Lumia 1320 review: Main camera
The camera, alas, is. If only because we have grown accustomed to Nokia Lumia handsets coming with exceptionally good cameras, we're sorry to report that the Lumia 1320 has only a bog-standard 5 Mp camera with none of the high-end 'PureView' features more readily associated with Nokia snappers.
It's not that it is bad – just unspectacular. There's a dedicated camera shutter key that acts as a shortcut to the camera, so you won't miss that all important shot.
Images shot with the Lumia 1320 are solid rather than spectacular, but they are by no means terrible. Framing and focusing shots is simple, and general detail levels are good. We occasionally found some images flat and washed out, however.
By default you use Microsoft's standard Windows Phone camera app rather than the superior Nokia Camera interface. You can tweak basic settings such as ISO, white balance, and exposure value, but don't look for high-end tweaking features. To be fair, they really aren't necessary with this level of hardware.
You get what you pay for here. The Lumia 1320 offers a good enough camera, but it is not the snapper for hobbyist photographers.
A secondary camera around the front captures 640 x 480-pixel images, and offers video recording, still image capture and video calling.
Test image 1
Test image 2
Lumia 1320 review: Video
The Nokia Lumia 1320 can capture 1080p video at 30 fps. It's a more-than-decent smartphone video camera. Audio and visual capture is good, and we found the levels of shake decently low for a phone at this price. Just don't expect high-end features such as slow-motion capture.
Lumia 1320 review: Performance
A look at the spec-sheet might lead you to think that the Lumia 1320 is a slow dog of a phone. It runs a dual-core Qualcomm Snapdragon S4 at 1.7 GHz, which looks decidedly mid-range against quad-core competition. This is paired with 1 GB memory.
In fact the mid-range Nokia runs Windows Phone 8 in a fast and responsive manner – as do all Windows Phone 8 handsets we've tested. We experienced no lag when using the Lumia 1320, and this despite the flashy transitions with which Windows Phone 8 is filled. Apps launched quickly, too.
Lumia 1320 review: Storage
One area in which the Lumia 1320 must do better is storage. It comes with just 8 GB of onboard storage, and by the time we got hold of our new Lumia 1320 we had only 4.54 GB to play with. That's not going to go far when you start shooting video or even just storing and playing music.
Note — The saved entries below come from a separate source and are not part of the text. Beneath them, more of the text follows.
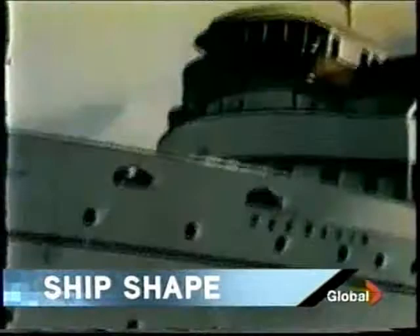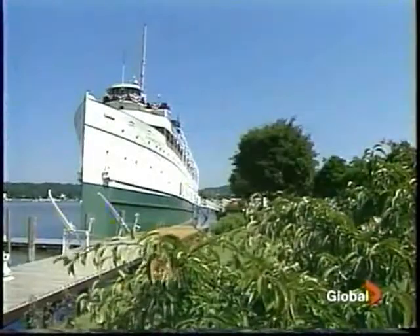Built in the same shipyard as the Titanic, the Key Watten helped open up central Canada to early settlers. Now a floating museum, her history is rich and celebrated in song.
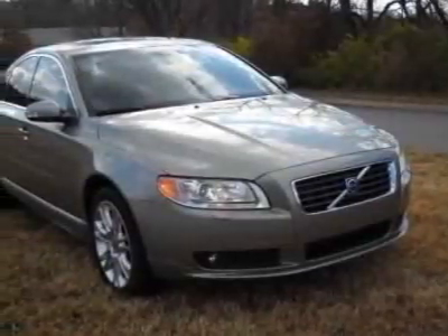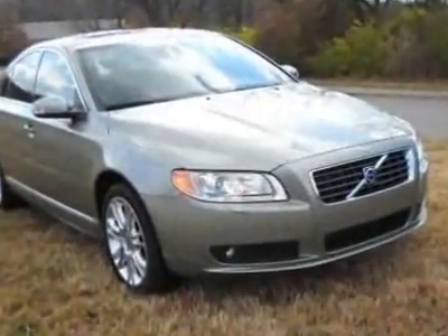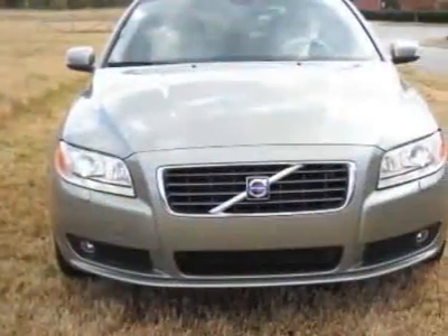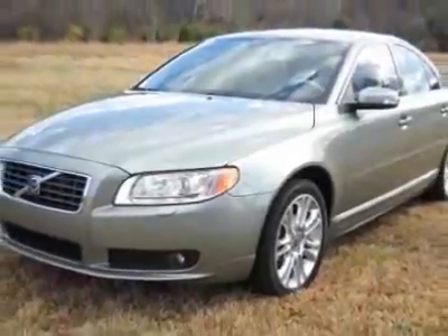Come take a look at this certified pre-owned 2008 Volvo S80. Carfax has certified this S80 as having one owner. This S80 has just under 38,000 miles. For your protection, a warranty is available for this vehicle.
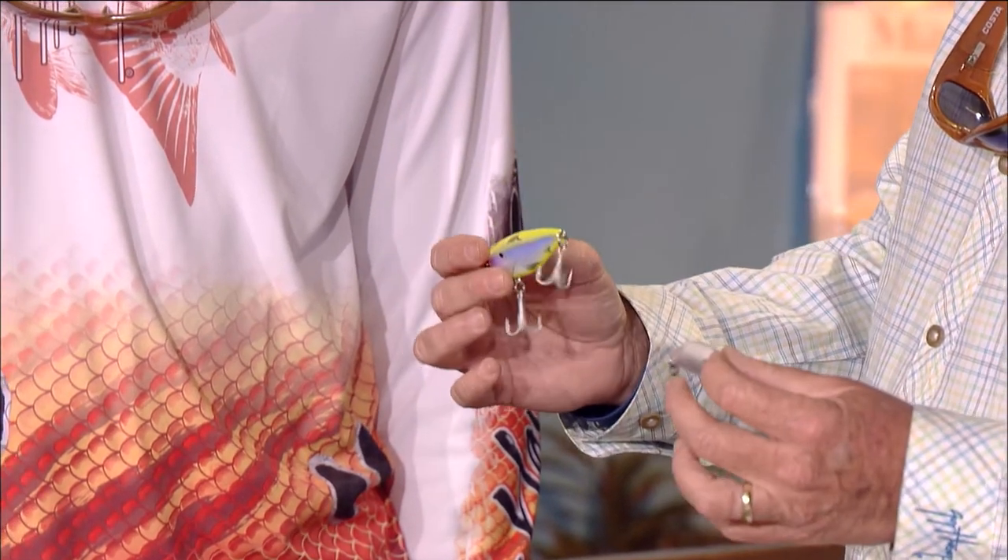A trout's main feeding modus operandi is he'll sit down in a pothole on the flat and as soon as that bait gets in his view, he comes up and nails it — that's his ambush. So these hard baits are really great for that.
You'll need expandable storage and the Lumia 1320 provides, with an SD card slot that allows for up to 64 GB of additional space. Invest in a large SD card if you want to use this phone.
Lumia 1320 review: Battery life
Here the Lumia 1320 shines. It shares with its big brother 1520 a 12.9 Wh lithium battery. This combined with the relatively low-grade chip and comparatively low-res display probably helped the Nokia Lumia 1320 to show decent battery life. There are some benefits to a lower spec.
We found that we could get two full days of general use out of the Lumia 1320, without having to charge. And that is without engaging power-saving mode. This is a great and unusual result, and clear reason to consider a Lumia 1320.
Lumia 1320 review: Connectivity
The Lumia 1320 takes a Micro SIM, and connects and charges via Micro-USB (USB 2.0). You can expand storage via an SD card. For your headphones there is a 3.5 mm audio connector and Bluetooth 4.0. Wireless internet is taken care of with 802.11 b/g/n connectivity. And then we get to data. Nokia quotes LTE network bands: 3, 7, 20 and GSM network: 850 MHz, 900 MHz, 1800 MHz, 1900 MHz. The Lumia 1320 can also connect via WCDMA network at 850 MHz, 900 MHz, 2100 MHz.
With 'okay' performance and a good but not great screen, the Lumia 1320 still offers good value for money. It's certainly not the best handset on the market, but if you want a Windows Phone with a big screen, and you can't or don't want to stretch up to the faster 1520, you won't regret buying the Lumia 1320. The camera is basic and the storage limited, but the battery life is brilliant.